Africa - INTER PRESS SERVICE - Wed, 04/29/2026 - 21:46

Over recent decades, agricultural commodities have been transformed from goods into financial assets. Markets anticipate future disruptions and push prices up faster than underlying conditions would justify. Credit: Bigstock

By Mihaela Siritanu
LONDON, Apr 29 2026 (IPS)

As the United States and Israel’s 2026 attack on Iran remains on pause, most eyes have fixed on oil. Tankers reroute around the Strait of Hormuz, oil benchmarks climb, and insurance costs spike. But while the headlines focus on energy, warning signs are already flashing from the food commodities markets.

Middle East tensions continue to escalate, but global wheat and maize supplies remain relatively well stocked and production has not been significantly disrupted.
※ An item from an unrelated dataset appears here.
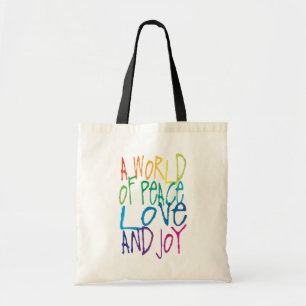 A World of Peace, Love, and Joy Tote Bag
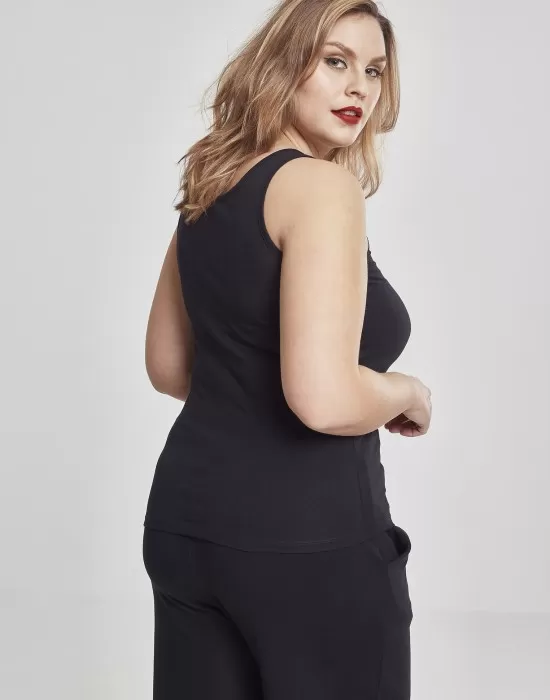 Комплект дамски потници Urban Classics Ladies 2-Pack Basic Stretch Top, Топове - Hoodstyle.bg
Yet UK wheat futures have risen to almost £183 per tonne — their highest level since mid-November — after rising more than £2.60 in a single week. At the same time, fertiliser prices — a key input for future harvests — have doubled since the start of the year, even though the main impacts on crop production have yet to materialise.

These are early warning signs — not of a harvest failure, but of how today’s food system responds to crisis. Food prices are beginning to rise, with the FAO Food Price Index steadily increasing in February and March 2026, even though crops have not yet failed, harvests have not collapsed, and global production remains broadly stable. The crisis is unfolding in real time, before any physical shortage has fully materialised.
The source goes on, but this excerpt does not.